The Atlanta Journal-Constitution
Let me start by assuring you that no one in our family has lost their job and we’re not in any type of financial straits. However, like many American families who are paying higher prices at the pumps and in the grocery store, we are feeling the uncertainty in the American economy and are tightening our belts.
We created a budget about three months ago to help us stop spending frivolously and save even more of the money we are earning. We talked with our children about the new family budget, and it’s had quite an effect.
We didn’t want to scare them but we did want them to appreciate that you can’t just buy every little thing you want. You have to prioritize and look for good deals. (We’ve talked about these concepts before but at 5 and 7 they finally seem to be understanding.)

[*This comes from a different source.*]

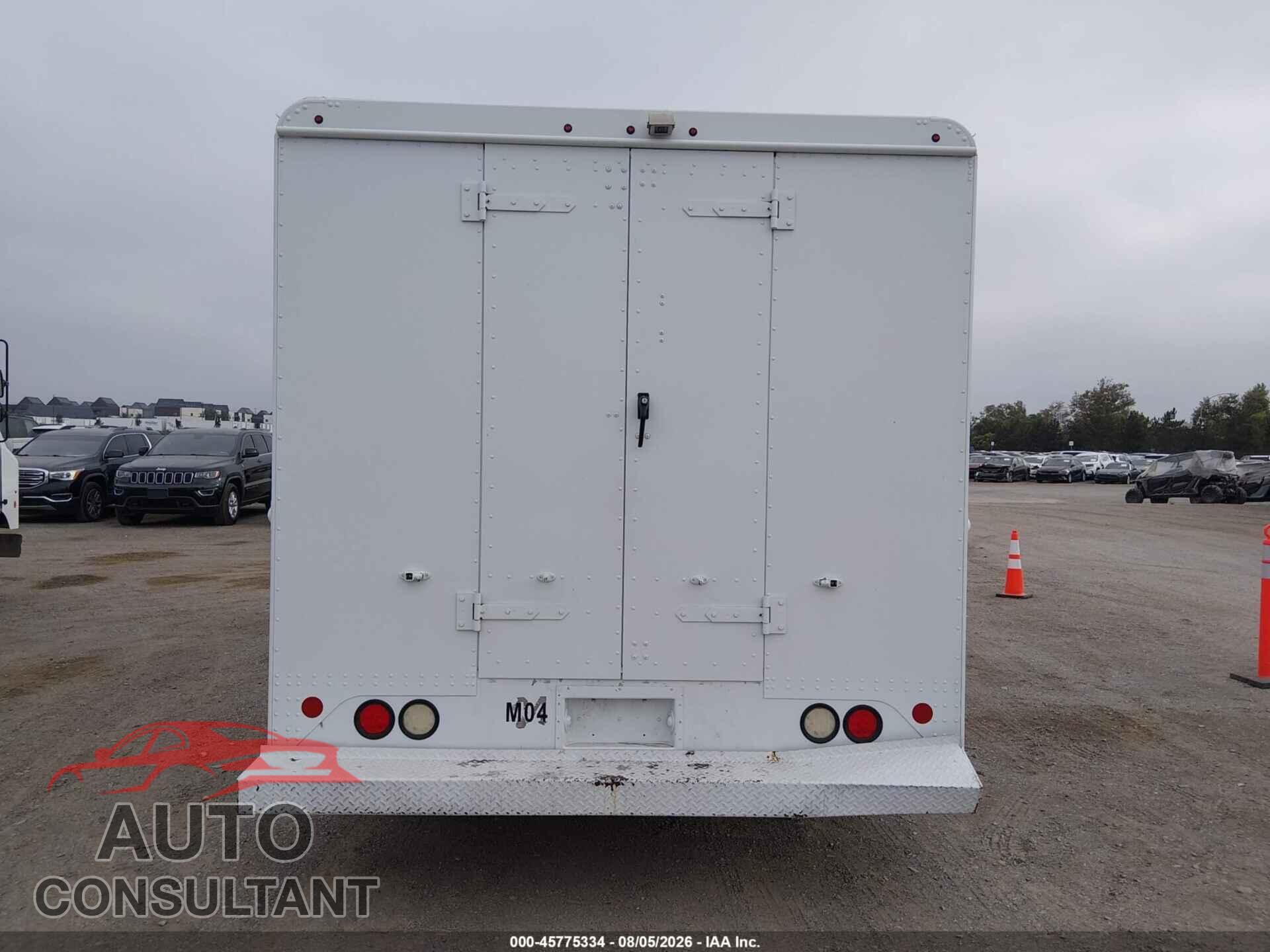 FORD E-350 STRIPPED 2016 - 1FC3E3KS8GDC55366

The kids are not worried about our finances because they’re not eating, or because they don’t have clothes to wear. They are thinking about them because we are not buying them a whole bunch of unnecessary stuff anymore. Concerned by our constant mantra of “It’s not in the budget,” they have started coming up with ways to supplement our income.
As I mentioned in last week’s column, my 5-year-old son has taken to giving me money that he has found. He’s constantly handing me my own change that he found in a bin in the kitchen, lost in the basement and then re-found contributing it to our cause. (I do like that he was willing to share it and wasn’t just building his own private war chest.) He’s also keeping his eyes open in my car and in the backyard.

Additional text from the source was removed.